Ketika melihat rona merah di langit sebelah timur, Sangkuriang mengira jika fajar benar-benar telah datang. Itu berarti ia gagal memenuhi syarat nan diajukan oleh Dayang Sumbi dan pernikahan mereka batal dilakukan. Amarah dan rasa kecewa menyelimuti Sangkuriang.
Tanpa banyak berpikir, ia lalu menghancurkan bendungan nan telah dibuatnya hingga menimbukan banjir bandang. Banjir itu kemudian menenggelamkan daerah kediaman Dayang Sumbi.
Tak hanya itu, Sangkuriang juga menendang bahtera besar setengah rampung hingga terpental jauh. Bahtera itu lalu jatuh dalam posisi tertelungkup (tangkuban) dan menjelma menjadi gunung nan kemudian dikenal bernama Gunung Tangkuban Perahu. Gunung itu hingga sekarang masih bisa kita temui. Jika dilihat dari jauh, gunung tersebut memang seperti bentuk bahtera nan terbalik/telungkup.
Kupas Maksud Tersirat
Melalui karakter Sangkuriang dan Dayang Sumbi dalam cerita dongeng Tangkuban Bahtera kita mengetahui bahwa masyarat Sunda ternyata telah memiliki seni sastra berkualitas tinggi. Menjadi bukti nan menegaskan keunggulan budaya dan taraf kehidupan bermasyarakat.
Saat ketika masyarakat lainnya masih bergelut dengan aktivitas makan, minum dan kehidupan nomaden, masyarakat Sunda telah mengembangkan kebudayaan berkisah nan sukar dicari tandingannya. Selain itu, cerita dongeng nan akhirnya menjadi legenda rakyat Sunda tersebut ternyata juga memiliki kedalaman filosofi akan kehidupan.

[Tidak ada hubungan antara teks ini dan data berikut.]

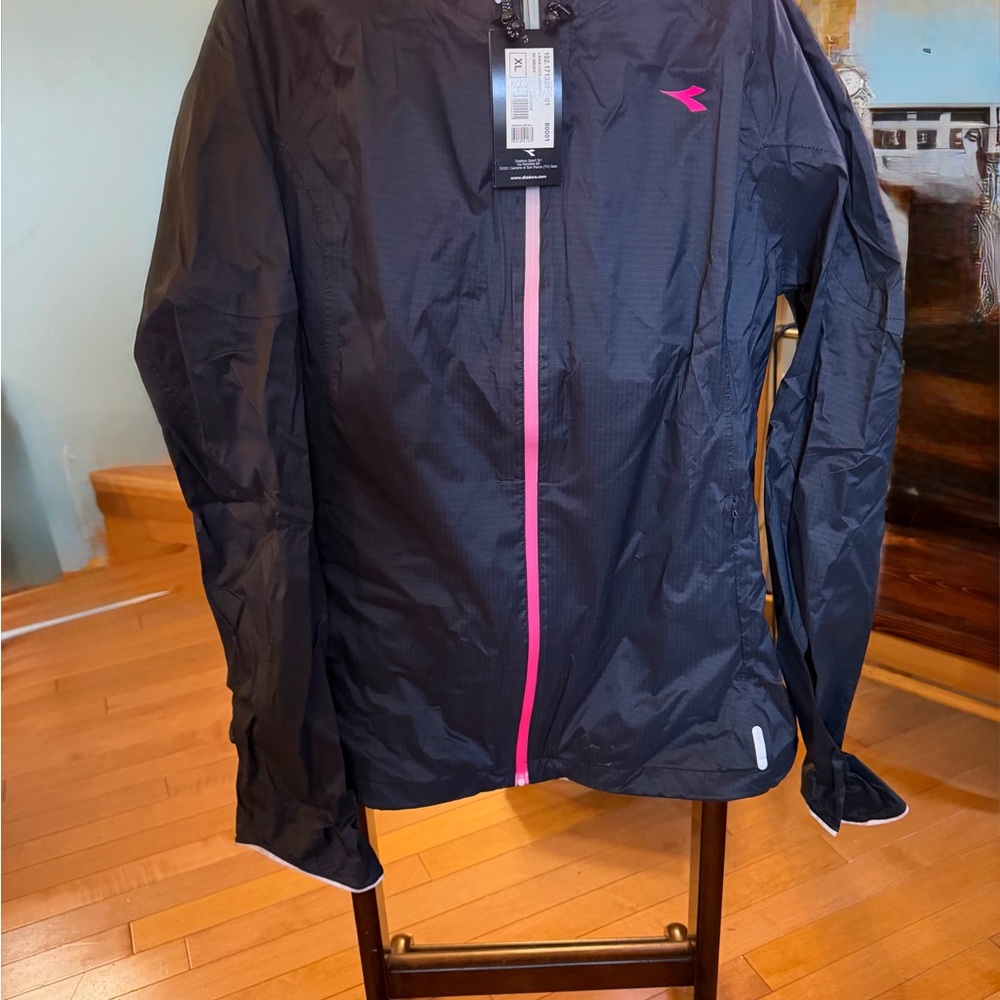 Lightweight Black Women's Running Jacket with reflective details. Size XL. NWT.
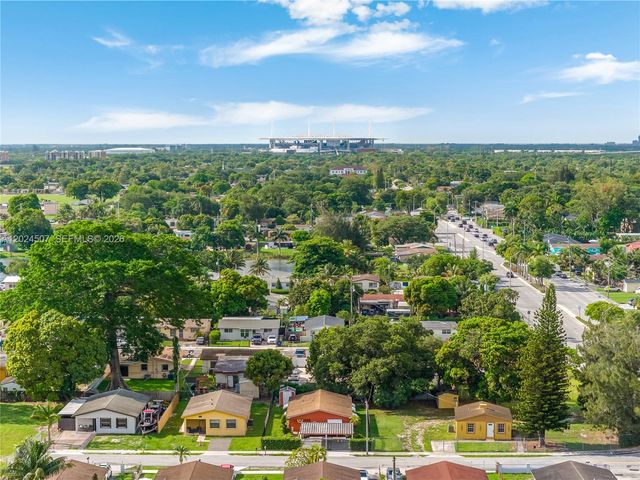2225 NW 170th Terrace, Miami Gardens, FL 33056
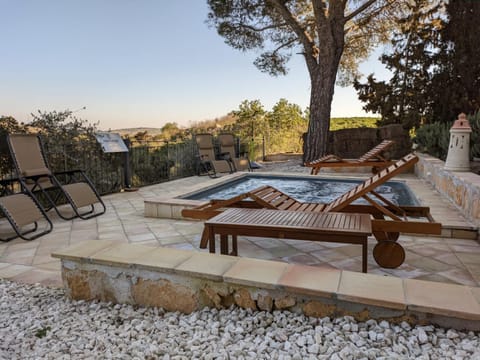 Natural landscape, Hot Tub, Swimming pool, Open Air Bath, Public Bath, sunbed, Internal: Not applicable to any particular room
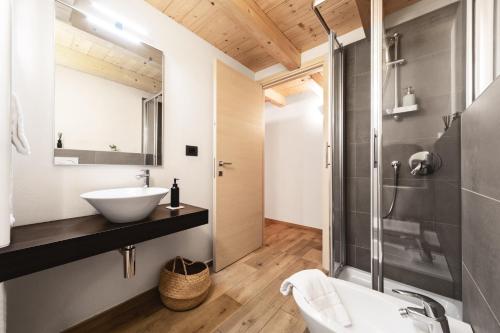 Koupelna v ubytování Aosta Centre Apartments - Martinet 17
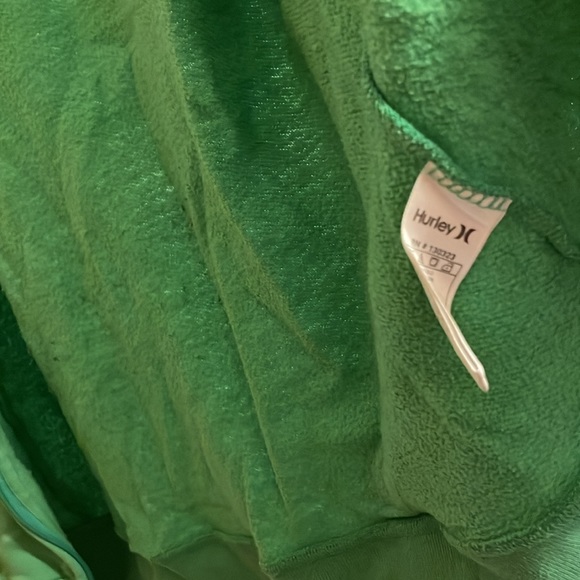 Hurley - Picture 8 of 8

Uniknya, filosofi kehidupan disampaikan lewat seni bercerita nan dituturkan dari satu generasi ke generasi berikutnya. Suatu bentuk seni nan dapat dikatakan populer pada saat itu. Jadi, bukan melalui proses pembelajaran dari guru ke murid atau kitab/serat nan ditulis oleh seorang empu (guru) dan berisikan ajaran kearifan hidup.
Bila dianalogikan dengan zaman modern, seni bercerita dengan cara bertutur itu bisa disetarakan dengan seni perfilman. Seni nan begitu populer dan menjadi media paling efektif dalam menyampaikan suatu bentuk kebudayaan ke khalayak ramai pada masa sekarang.
Hal inilah nan membuat cerita dongeng Tangkuban Bahtera begitu mengakar kuat dalam kehidupan rakyat Sunda. Cerita rakyat itu telah menggunakan seni cerita bertutur sebagai media buat menyebarkan dan melestarikan nilai-nilai kearifan lokal.
Sekiranya, dua hal ini—bukti kemajuan kebudayaan masyarat Sunda dan seni bertutur sebagai cara melanggengkan nilai kearifan lokal—yang dapat kita simpulkan di balik cerita dongeng Tangkuban Perahu.